# Cluster tests
- This notebook serves a purpose of testing if the cluster simulation works.
- It is divided on four subsections:
    - section 1: helper code (contains various helper functions)
    - section 2: Static cluster - contains an experiment conducted on a static cluster
    - section 3: Basic HPA - cluster is being scaled with a basic HPA (we do not pay attention into maximum CPU usage
    - section 4: CPU-sensitive HPA - this time cluster is being scaled with a big smarter scaler, that pays attention into CPU usage 

## Section 1 - helper functions

In [None]:
import os
import sys

import numpy as np
import pandas as pd
import matplotlib.pyplot as plt

from time import time, sleep

from cluster_simulator import SimpleCluster, Metric

In [None]:


def dic2DF(dic):
    """
    Changes a dictionary with metrics into Pandas dataframe 
    """
    
    def unravel_column(df, colname):
        """
        A helper function that unravels a list of metrics into separate DF columns
        """
        df2 = pd.DataFrame(df[colname].tolist(), index= df.index)
        cols = ['pods', 'activePods', 'activeTasks', 'cpu', 'cpu_max', 'memory', 'memory_max', 'queueTasks', 'nrDone', 'nrDead', 'nrErr5xx']
        cols = [f'{colname}_{x}' for x in cols]
        df2.columns = cols
        df = pd.concat([df, df2], axis=1).drop(colname, axis=1)
        return df
    
    df = pd.DataFrame.from_dict(dic, orient='index')
    df.columns = ['totalTasks', 'totalDone', 'dep1', 'dep2', 'dep3']
    for i in range(1, 4):
        df = unravel_column(df, f'dep{i}')
    return df


def plotDeploymentData(df, sufix = 'pods', legend = None):
    """
    Plots a selected metric for each deployment separately 
    Arguments:
        df     - dataframe prepared by dic2DF function
        sufix  - name of the metric (corresponds to column names 
                 from df)
        legend - legend to be displayed.

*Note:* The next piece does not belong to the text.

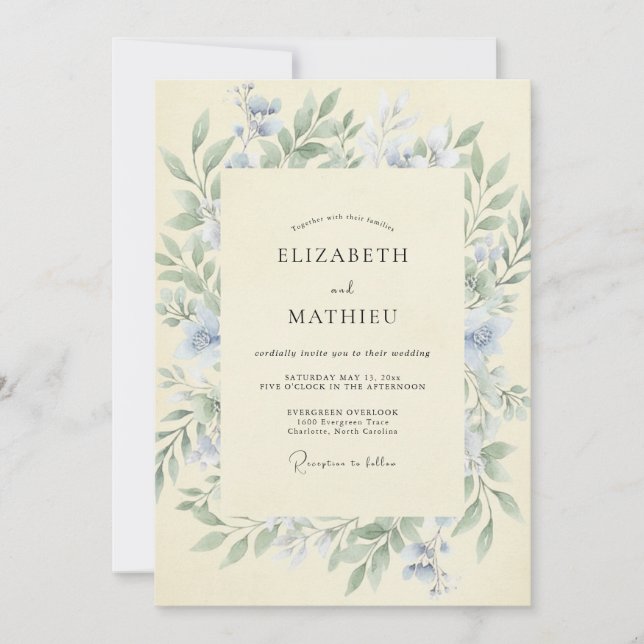 Invitation Mariage vignes jaunes Bleuet (Devant)
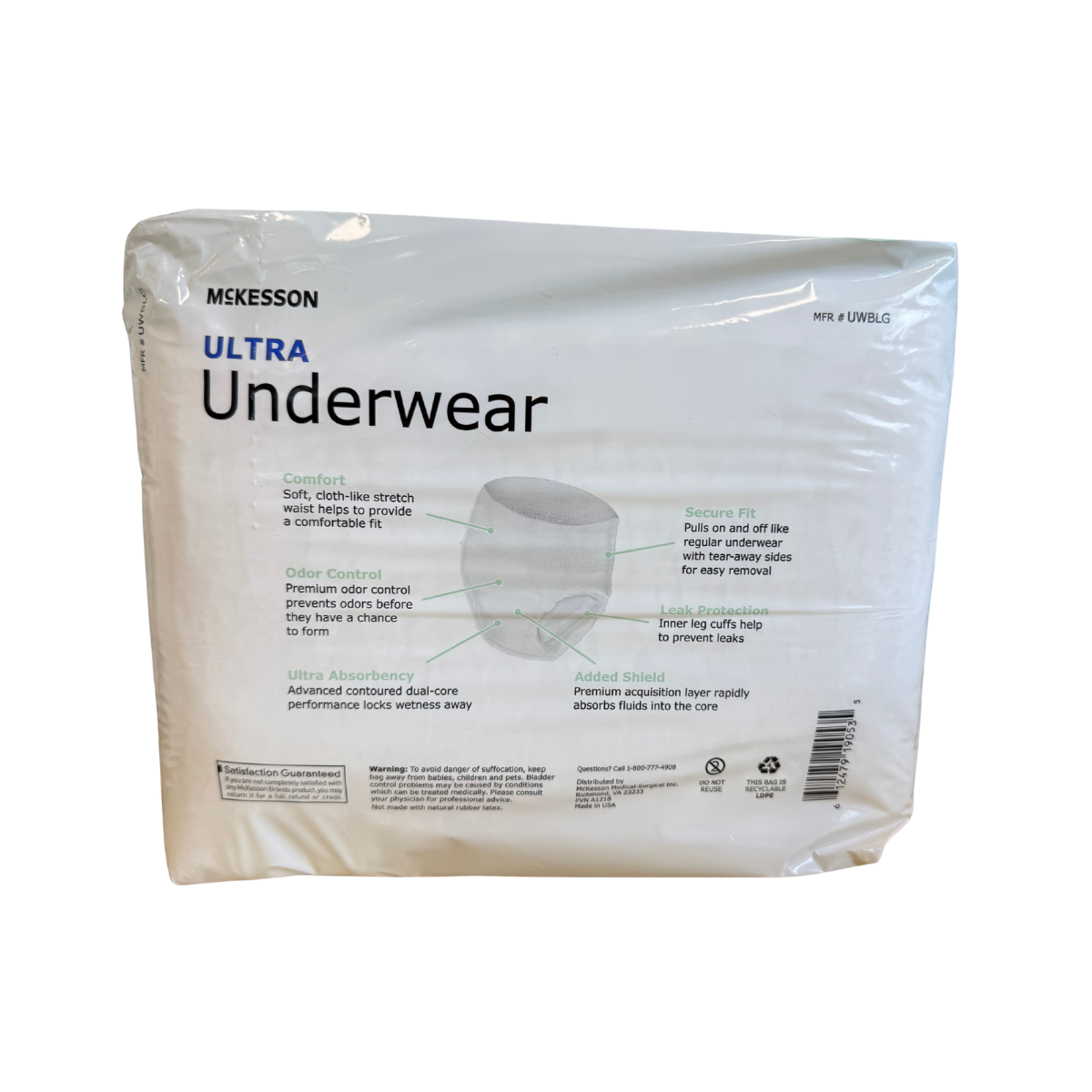 McKesson Ultra Underwear back panel showing features: odor control, ultra absorbency, AirMed Shield, leak protection, and secure fit with tear-away sides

If None, a standard
                 legend is displayed
    """
    cols = [x for x in df.columns if x[-len(sufix):] == sufix]
    df[cols].plot()
    plt.title(sufix)
    if legend is not None:
        plt.legend(legend)
    plt.xlabel('milicroseconds')

def plotDeploymentDataSum(df, sufix = 'pods'):
    """
    Summarises a selected metric over a deployment and plots it 
    Arguments:
        df     - dataframe prepared by dic2DF function
        sufix  - name of the metric (corresponds to column names 
                 from df)
    """    
    cols = [x for x in df.columns if x[-len(sufix):] == sufix]
    tmp = df[cols].copy()
    tmp[sufix] = tmp[cols].sum(axis=1)
    tmp[[sufix]].plot()
    plt.title(f'{sufix} (total)')
    plt.legend('')
    plt.xlabel('miliseconds')


def plotTasks(df):
    sufix = 'nrDone'
    cols = [x for x in df.columns if x[-len(sufix):] == sufix]
    tmp = df[[cols[-1]]].copy()
    #tmp[sufix] = tmp[cols].sum(axis=1)
    tmp['received'] = df['totalTasks']
    tmp = tmp[['received', cols[-1]]]
    tmp.columns = ['received', 'finished']
    tmp.plot()    
    plt.title('Number of tasks')
    plt.xlabel('miliseconds')
    
def plotClusterHistory(df):
    plotDeploymentData(df)
    plotDeploymentData(df, 'activePods', legend='')
    plotDeploymentData(df, 'activeTasks', legend='')
    plotDeploymentData(df, 'queueTasks', legend='')
    plotDeploymentDataSum(df, 'cpu')
    plotDeploymentData(df, 'cpu', legend='')
    plotDeploymentData(df, 'nrDone', legend='')
    plotDeploymentData(df, 'nrErr5xx', legend='')
    plotTasks(df)
    
    
def computeCost(df):
    tmp = df[df.totalDone < df.totalTasks.max()]
    working_cost = (tmp.dep1_pods + tmp.dep2_pods + tmp.dep3_pods).sum()
    total_cost = (df.dep1_pods + df.dep2_pods + df.dep3_pods).sum()
    return working_cost, total_cost

In [None]:
def createCluster():
    """ Returns a cluster used in this notebook (all experiments)"""
    return SimpleCluster(
        durations = [1e3, 6e3, 2e3], 
        pods = [1, 4, 2])


TASKS = [4, 6, 2, 4, ] + [0 ]* 7 + [7, 12, 10, 21] + [0] * 3 + [11, 8, 13, 7] * 3
NR_STEPS = 100

### Cluster description
The cluster here is built of three deployments: Dep1, Dep2 and Dep3.
The tasks flow in series, from Dep1, to Dep3. The deployment descriptions are as follows:
- Deployment 1:
    - Number of pods: 1
    - Duration (how long the task is being processed): 1ms += 30%, (random.normal)
    - CPU consumption: 20 units per working pod +-30%, (random.normal), (+ 1 unit per pod even if it is not working
    - Memory consumption: 20 units per working pod +-30%, (random.normal), (+ 1 unit per pod even if it is not working
- Deployment 2:
    - Number of pods: 4
    - Duration (how long the task is being processed): 6ms += 30%, (random.normal)
    - CPU consumption: 20 units per working pod +-30%, (random.normal), (+ 1 unit per pod even if it is not working
    - Memory consumption: 20 units per working pod +-30%, (random.normal), (+ 1 unit per pod even if it is not working
- Deployment 3:
    - Number of pods: 2
    - Duration (how long the task is being processed): 2ms += 30%, (random.normal)
    - CPU consumption: 20 units per working pod +-30%, (random.normal), (+ 1 unit per pod even if it is not working
    - Memory consumption: 20 units per working pod +-30%, (random.normal), (+ 1 unit per pod even if it is not working



![Alt text](./images/ClusterScheme.jpg "Cluster Scheme")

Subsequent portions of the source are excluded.